▼

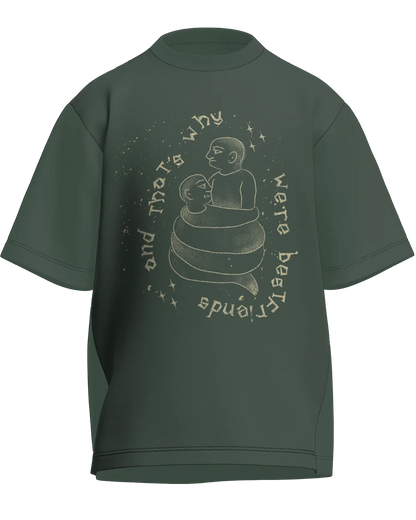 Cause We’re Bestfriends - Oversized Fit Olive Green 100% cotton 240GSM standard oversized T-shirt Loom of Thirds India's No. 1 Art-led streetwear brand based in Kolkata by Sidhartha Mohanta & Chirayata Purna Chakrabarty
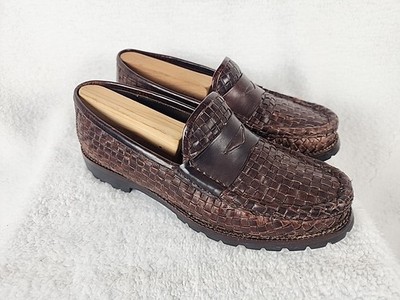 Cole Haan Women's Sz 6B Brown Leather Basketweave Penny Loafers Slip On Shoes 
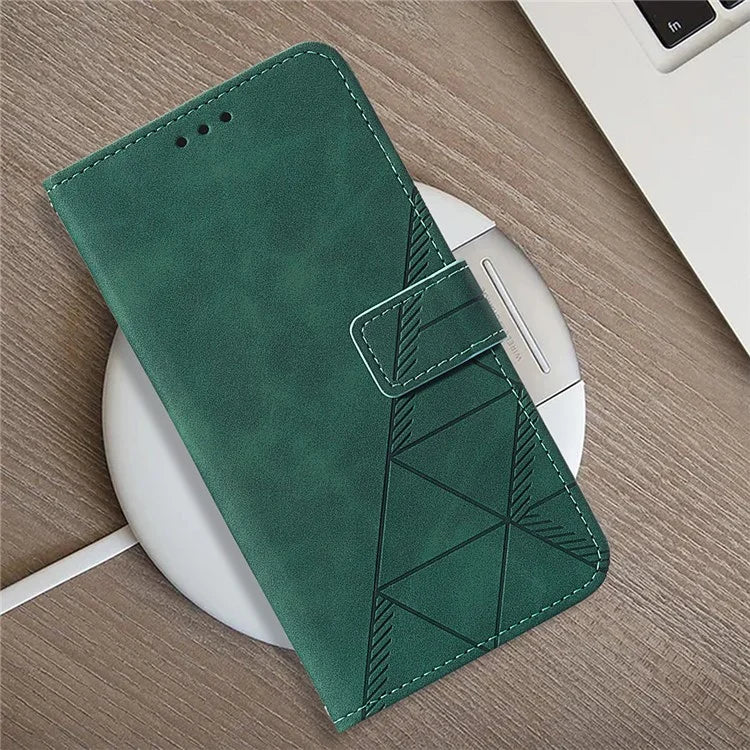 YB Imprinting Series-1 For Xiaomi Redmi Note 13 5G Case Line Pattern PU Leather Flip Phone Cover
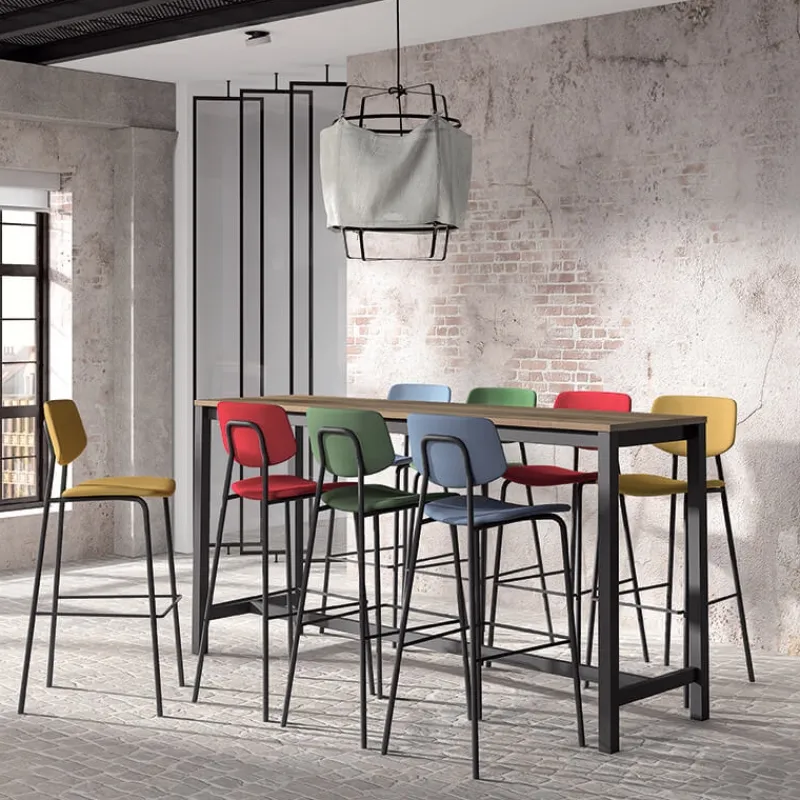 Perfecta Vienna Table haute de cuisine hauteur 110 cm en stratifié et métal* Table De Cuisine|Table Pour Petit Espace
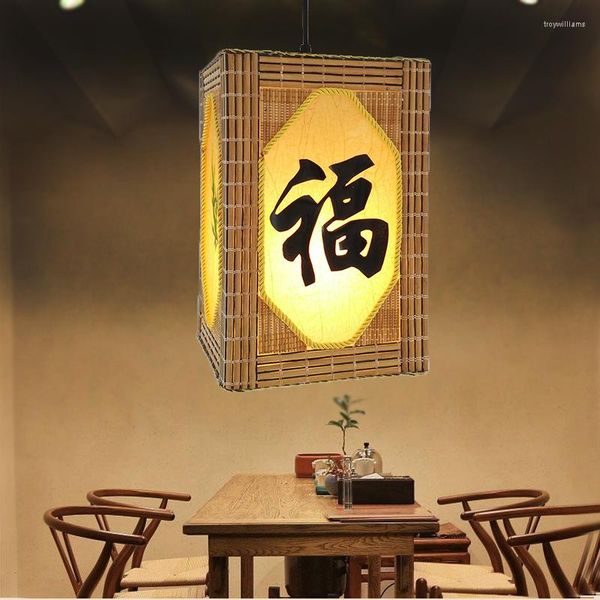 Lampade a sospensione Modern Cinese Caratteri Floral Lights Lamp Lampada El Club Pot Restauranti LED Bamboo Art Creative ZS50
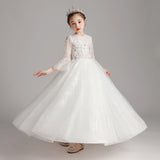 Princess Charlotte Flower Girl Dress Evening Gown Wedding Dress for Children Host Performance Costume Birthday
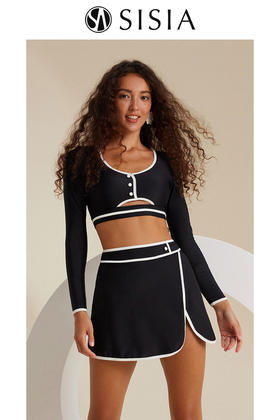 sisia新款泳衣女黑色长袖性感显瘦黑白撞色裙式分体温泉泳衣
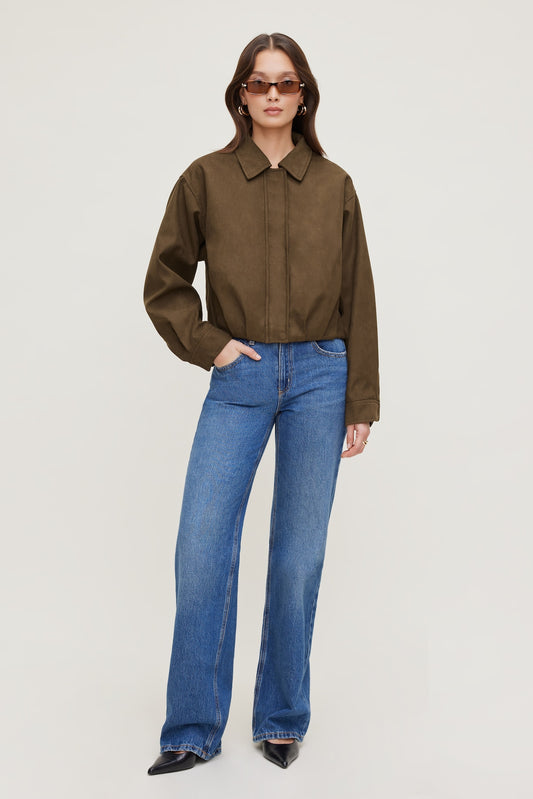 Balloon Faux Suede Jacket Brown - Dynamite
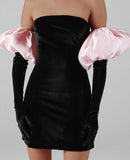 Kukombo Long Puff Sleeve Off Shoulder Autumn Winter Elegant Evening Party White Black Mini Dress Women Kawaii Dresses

▲

What lines above run from the one with "Lampade a sospensione" to the one with "Balloon Faux Suede Jacket Brown - Dynamite"? Give them again exactly, ends included, and leave the pictures out.

**Answer to the problem**:
 Lampade a sospensione Modern Cinese Caratteri Floral Lights Lamp Lampada El Club Pot Restauranti LED Bamboo Art Creative ZS50
 Princess Charlotte Flower Girl Dress Evening Gown Wedding Dress for Children Host Performance Costume Birthday
 sisia新款泳衣女黑色长袖性感显瘦黑白撞色裙式分体温泉泳衣
 Balloon Faux Suede Jacket Brown - Dynamite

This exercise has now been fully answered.